Total rest for a couple of weeks at least.
Bit bored already though!  
Might buy an Airfix kit!


----------



## John-H (Jul 13, 2005)

Airfix - that's a blast from a sticky past. I feel Humbroled.


----------



## A3DFU (May 7, 2002)

Otley said:


> Total rest for a couple of weeks at least.
> Bit bored already though!


Time to read the forum back to front :wink:


----------



## Hoggy (May 8, 2002)

John-H said:


> Airfix - that's a blast from a sticky past. I feel Humbroled.


Hi, :lol: 
Hoggy.


----------



## j8keith (Jun 26, 2009)

John-H said:


> Airfix - that's a blast from a sticky past. I feel Humbroled.

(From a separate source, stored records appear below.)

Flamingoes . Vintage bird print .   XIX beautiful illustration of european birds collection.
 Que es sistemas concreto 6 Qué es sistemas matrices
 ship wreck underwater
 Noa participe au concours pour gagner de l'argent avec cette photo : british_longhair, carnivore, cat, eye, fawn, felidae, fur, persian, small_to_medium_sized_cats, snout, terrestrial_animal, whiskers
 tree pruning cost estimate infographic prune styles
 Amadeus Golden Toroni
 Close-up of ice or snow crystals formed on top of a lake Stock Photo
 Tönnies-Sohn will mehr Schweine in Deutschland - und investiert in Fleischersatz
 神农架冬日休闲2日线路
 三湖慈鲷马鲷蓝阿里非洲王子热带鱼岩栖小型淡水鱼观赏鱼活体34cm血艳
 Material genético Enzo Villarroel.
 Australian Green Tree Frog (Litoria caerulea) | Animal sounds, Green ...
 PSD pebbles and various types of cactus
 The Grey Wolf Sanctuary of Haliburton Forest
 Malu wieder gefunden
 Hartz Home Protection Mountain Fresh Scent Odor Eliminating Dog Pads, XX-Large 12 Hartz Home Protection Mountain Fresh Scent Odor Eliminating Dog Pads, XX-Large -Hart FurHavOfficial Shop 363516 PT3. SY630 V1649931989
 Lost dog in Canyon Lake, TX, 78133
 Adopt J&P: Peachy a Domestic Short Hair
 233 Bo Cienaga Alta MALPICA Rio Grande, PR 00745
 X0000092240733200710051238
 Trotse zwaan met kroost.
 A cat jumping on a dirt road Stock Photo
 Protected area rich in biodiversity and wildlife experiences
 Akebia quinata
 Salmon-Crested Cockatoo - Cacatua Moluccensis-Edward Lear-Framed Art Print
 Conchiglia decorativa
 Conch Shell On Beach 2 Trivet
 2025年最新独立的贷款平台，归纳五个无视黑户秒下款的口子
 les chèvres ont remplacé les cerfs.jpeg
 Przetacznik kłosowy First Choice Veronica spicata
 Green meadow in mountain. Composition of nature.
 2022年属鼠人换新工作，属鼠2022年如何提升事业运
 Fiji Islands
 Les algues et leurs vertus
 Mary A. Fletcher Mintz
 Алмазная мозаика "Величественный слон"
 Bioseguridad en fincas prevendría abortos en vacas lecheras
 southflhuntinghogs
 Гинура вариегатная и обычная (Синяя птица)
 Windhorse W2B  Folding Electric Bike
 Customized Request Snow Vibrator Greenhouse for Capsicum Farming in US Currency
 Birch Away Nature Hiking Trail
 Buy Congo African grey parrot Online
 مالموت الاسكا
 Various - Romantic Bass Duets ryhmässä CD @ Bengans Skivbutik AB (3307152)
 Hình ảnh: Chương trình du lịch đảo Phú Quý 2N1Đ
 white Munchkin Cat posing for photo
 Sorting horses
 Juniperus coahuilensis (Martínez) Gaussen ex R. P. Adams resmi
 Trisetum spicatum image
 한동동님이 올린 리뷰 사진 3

I always ended up with more glue on me than the kit, clear plastic like aircraft cockpits became opaque.


----------



## Otley (May 15, 2013)

John-H said:


> Airfix - that's a blast from a sticky past. I feel Humbroled.


Ah ha! I see what you did there! :lol: 
What should I go for then? Just a small one eh?


----------



## John-H (Jul 13, 2005)

Otley said:


> John-H said:
> 
> 
> > Airfix - that's a blast from a sticky past. I feel Humbroled.
> ...


 :lol: One with no windows according to Keith ...


----------



## rustyintegrale (Oct 1, 2006)

John-H said:


> Airfix - that's a blast from a sticky past. I feel Humbroled.


 :lol: :lol: :lol:

Were you a paint before construction or after person?


----------



## John-H (Jul 13, 2005)

I have to admit after ... if I bothered :roll: as they were not as much fun when they became an ornament - I enjoyed the construction puzzle element more


----------